You may find hooks for freshwater fishing named for their general purpose (bait-cast, fly-cast and bait and spin-cast lure hooks). You may also see them named for one or more of their physical characteristics (point, barb, eye, bend, shank and size) or for a specific species of fish.
Finally, freshwater fishing hooks can be named for a combination of characteristics. Truth is, it can get a little confusing. So always ask for a translation.

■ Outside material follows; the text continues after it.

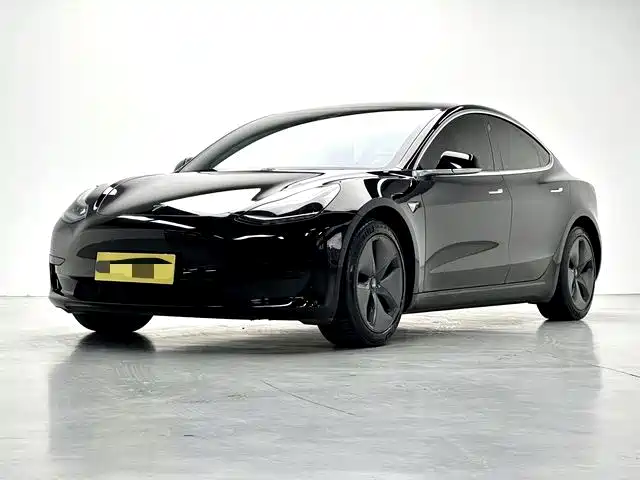 Tesla Model 3 2020 — фото 1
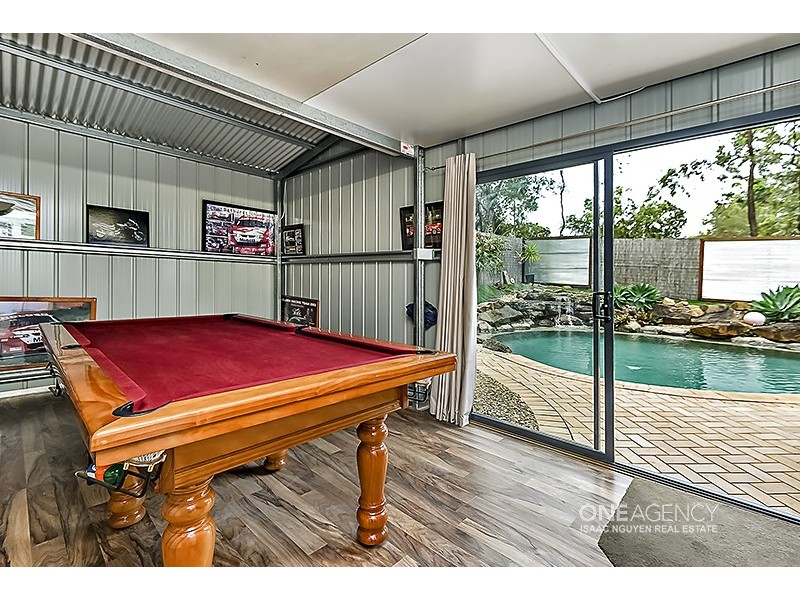 23 Stuart Pl, Forest Lake QLD 4078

SINGLE, DOUBLE AND TREBLE HOOKS
Single hooks have a single eye, shank and point. But the eye, shank, point and bend characteristics can be combined to create hundreds of different hooks for different types of fish and fishing methods. Most sport fish are caught on some sort of single hook, whether it's a hook with bait attached, a hook attached to a lure or hook with a fly.
Double hooks have a single eye merged with two shanks and points. They're formed from a single piece of wire and may or may not have their shanks brazed together for strength. Double hooks are molded into some artificial lures and are a traditional hook for Atlantic salmon flies. Otherwise they're uncommon.
Treble hooks have a single eye merged with three shanks and three evenly spaced points. They're formed by adding a single, eyeless hook to a double hook and brazing all three shanks together. Treble hooks are used on all sorts of artificial lures and for a variety of bait applications.
Image credit: Maryland DNR
These fishing hooks are most popular with catch-and-release anglers. They are designed to result in less damage by hooking the fish in the lip or the corner of the jaw. This makes it easier to unhook and release the fish. With a circle hook, it’s important to let the fish take the bait and turn away before setting the hook. Choose the right size hook to allow room for the bait and the fish lip. And make sure the hook is exposed and not buried in the bait.
TYPICAL FLY FISHING HOOK SHAPES AND NAMES
Typical fly fishing hook shapes include Sproat, Sneck, Limerick, Kendal, Viking, Captain Hamilton, Barleet, Swimming Nymph, Bend Back Model Perfect, Keel and Kink-shank.
There are two basic types of fly hooks: dry and wet. Fly hooks are also named for the type of insects they simulate (nymph, swimming nymph, scub, pupa, mayfly) or by traditional shapes (Sproat, Sneck, Limerick, Kendal, Viking, Captain Hamilton, Barleet, Bend Back, Model Perfect, Keel, Kink-shank.).